# WHAT IS EXPECTED
The entries are to be repeated exactly, with all pictures omitted.

[Collected data entries]
::::::

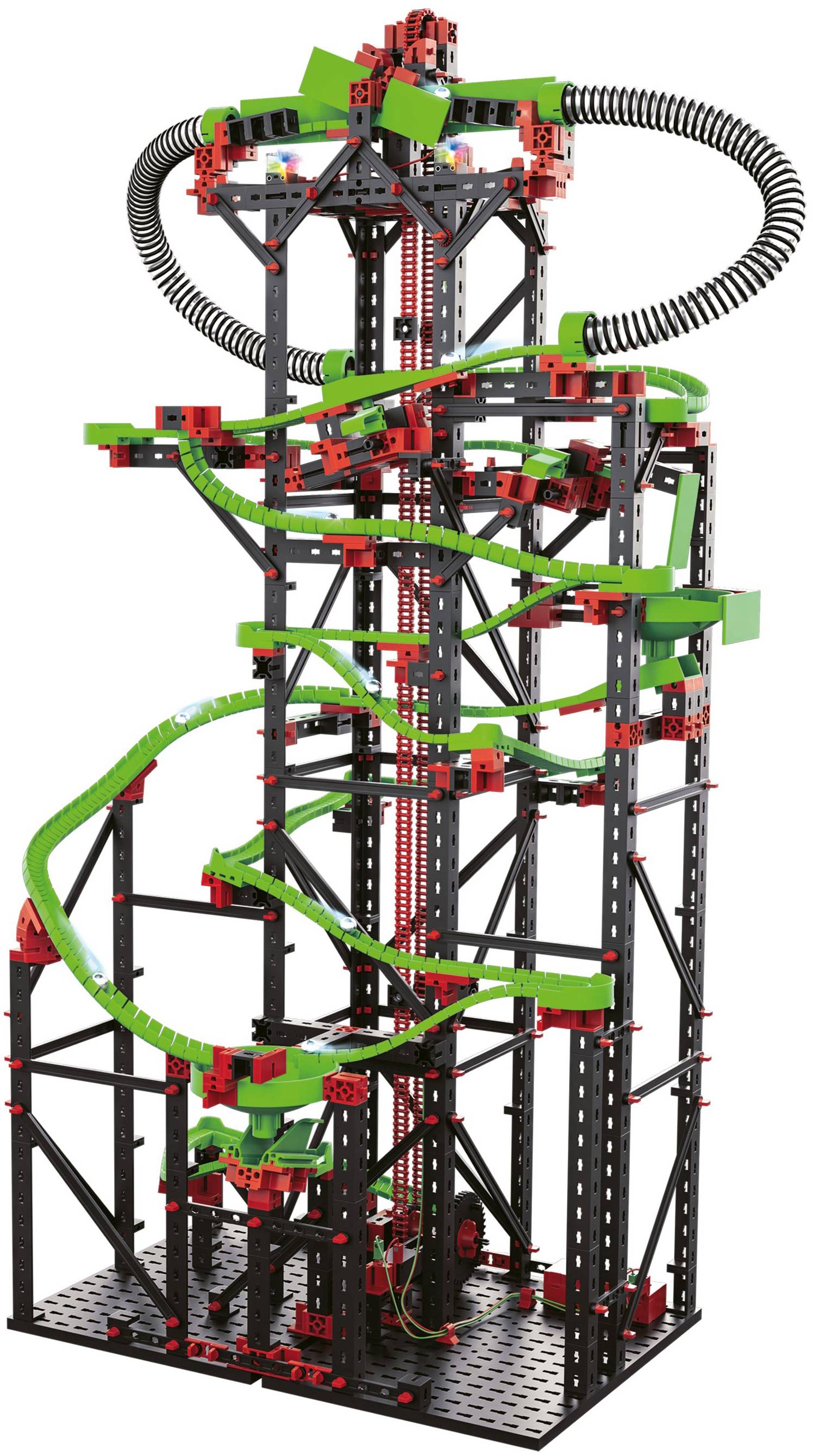 Une haute tour construite avec des blocs de construction colorés, avec un toboggan vert qui s'enroule autour de la structure et des supports noirs.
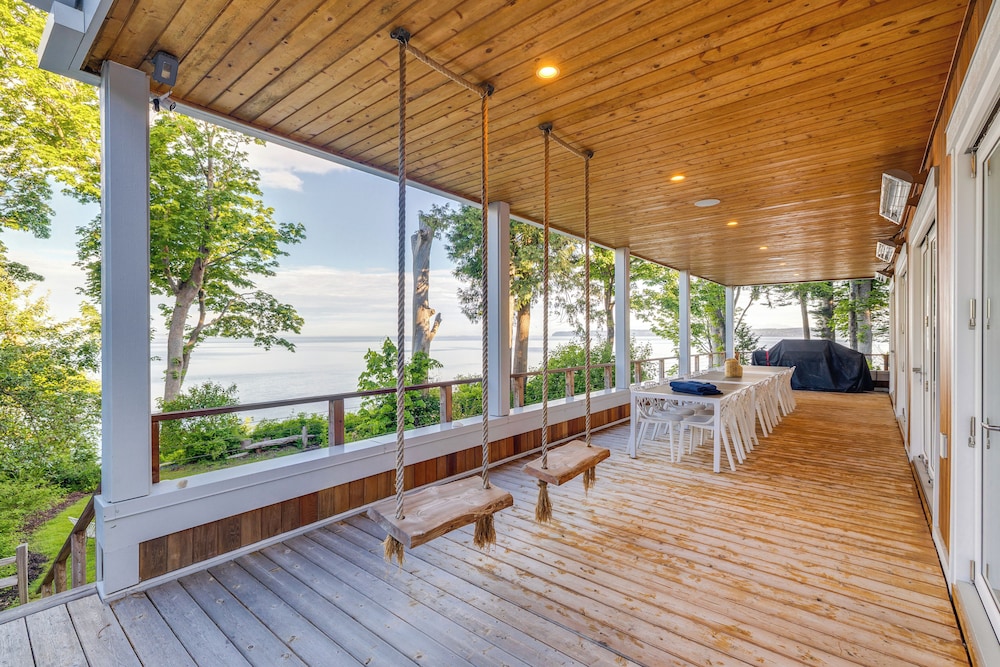 Stunning Semiahmoo Bay Views: Spacious PNW Home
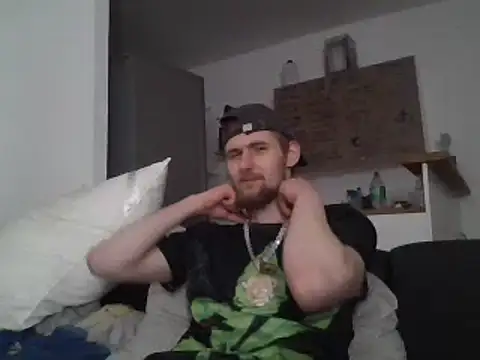 Snapshot of ThePython666 chatting on 20, 3, 2025 ThePython666 online show from 20, 3, 2025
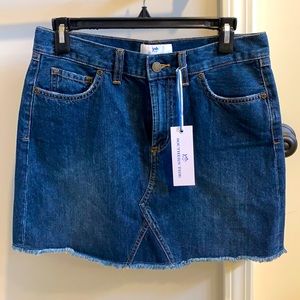 Southern Tide mini skirt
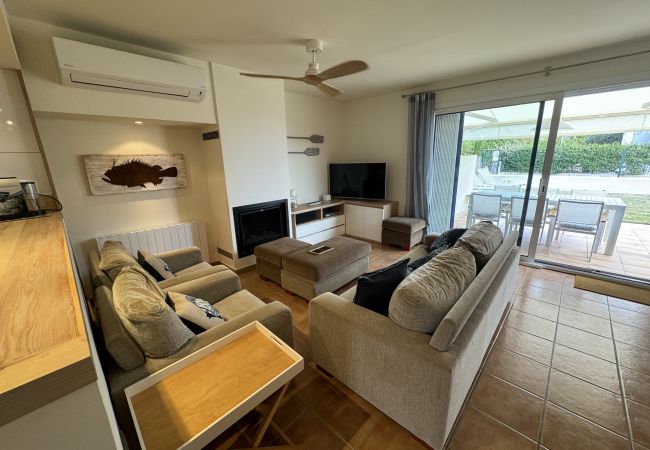 Terraced House in Torroella de Montgri - Les Dunes 107 - 60 m from the beach, aircon,  pool and garden Terraced House in Torroella de Montgri - Les Dunes 107 - 60 m from the beach, aircon,  pool and garden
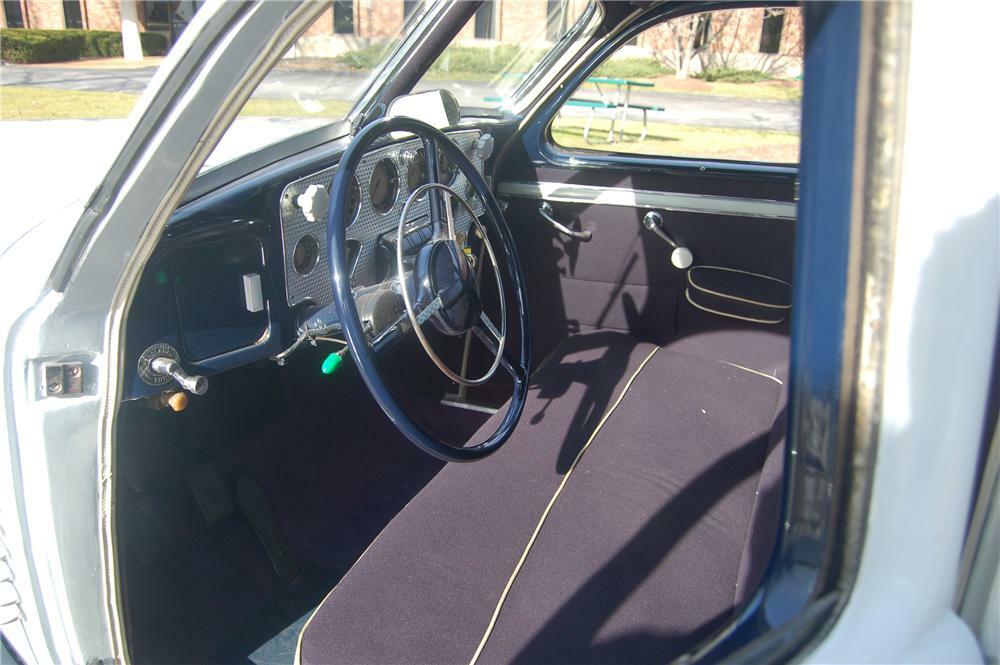 1937 CORD 812 WESTCHESTER SEDAN - Interior - 81327
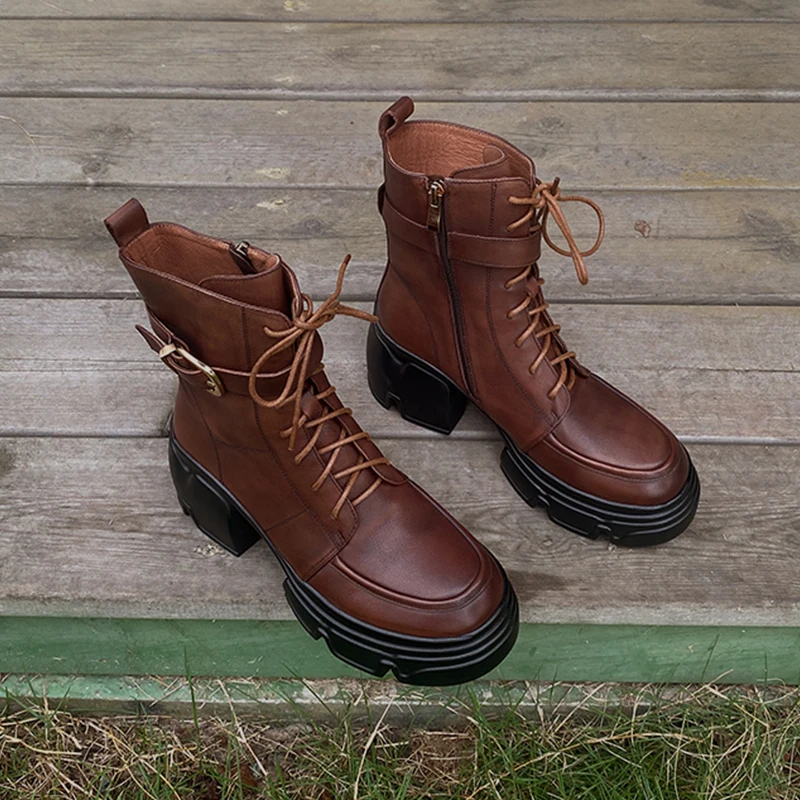 

Heihaian Short Boots Fall/Winter 2023 New Vintage Fashion Martin Boots With Belt Buckle Embellished Platform Boots For Women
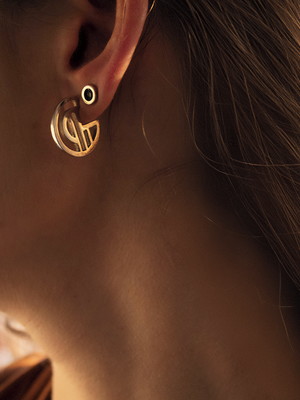 Brinco redondo prata com esmalte cerâmico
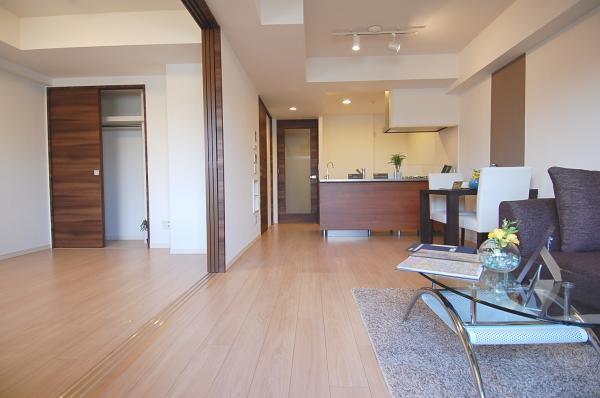 Living. Good per sun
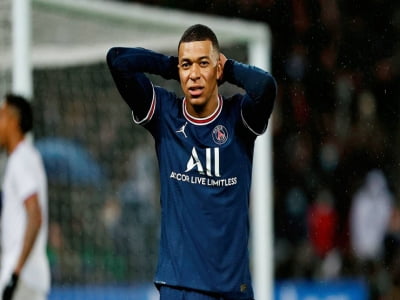 Mbappe nhập viện vì đồng đội vào bóng ác, PSG lo sốt vó trước trận tái đấu Real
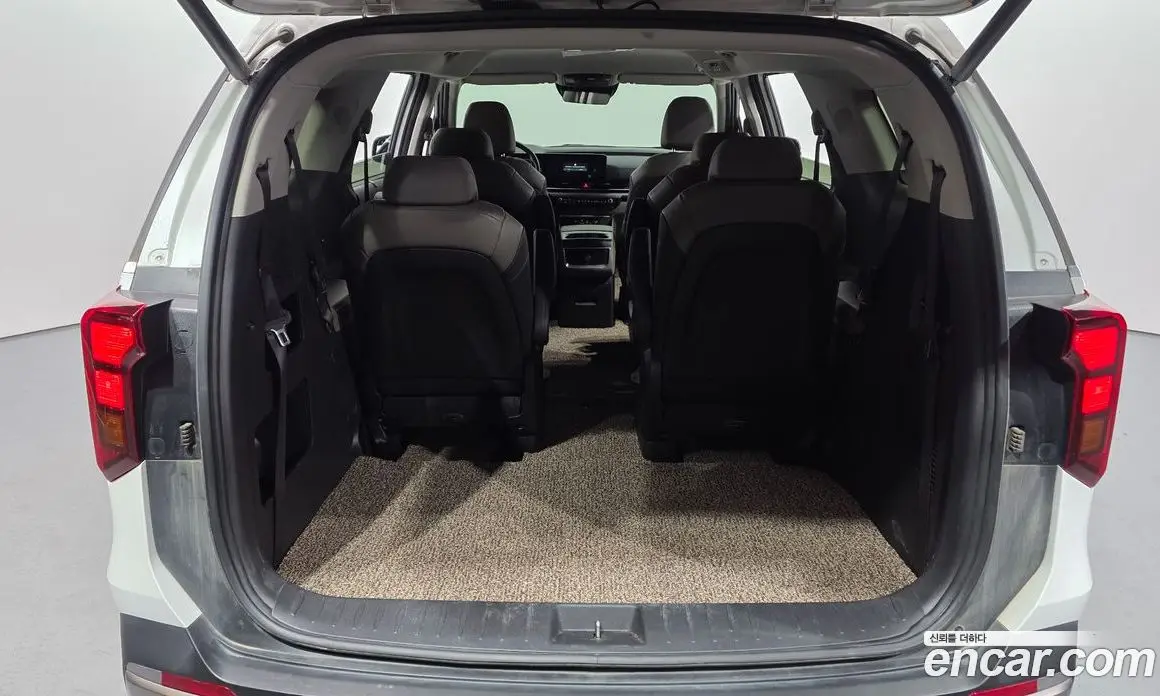 Kia Carnival 2023 3.5 автомат (гидро), фото 22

::::::

# RESULT OF THIS TASK
 Une haute tour construite avec des blocs de construction colorés, avec un toboggan vert qui s'enroule autour de la structure et des supports noirs.
 Stunning Semiahmoo Bay Views: Spacious PNW Home
 Snapshot of ThePython666 chatting on 20, 3, 2025 ThePython666 online show from 20, 3, 2025
 Southern Tide mini skirt
 Terraced House in Torroella de Montgri - Les Dunes 107 - 60 m from the beach, aircon,  pool and garden Terraced House in Torroella de Montgri - Les Dunes 107 - 60 m from the beach, aircon,  pool and garden
 1937 CORD 812 WESTCHESTER SEDAN - Interior - 81327

Heihaian Short Boots Fall/Winter 2023 New Vintage Fashion Martin Boots With Belt Buckle Embellished Platform Boots For Women
 Brinco redondo prata com esmalte cerâmico
 Living. Good per sun
 Mbappe nhập viện vì đồng đội vào bóng ác, PSG lo sốt vó trước trận tái đấu Real
 Kia Carnival 2023 3.5 автомат (гидро), фото 22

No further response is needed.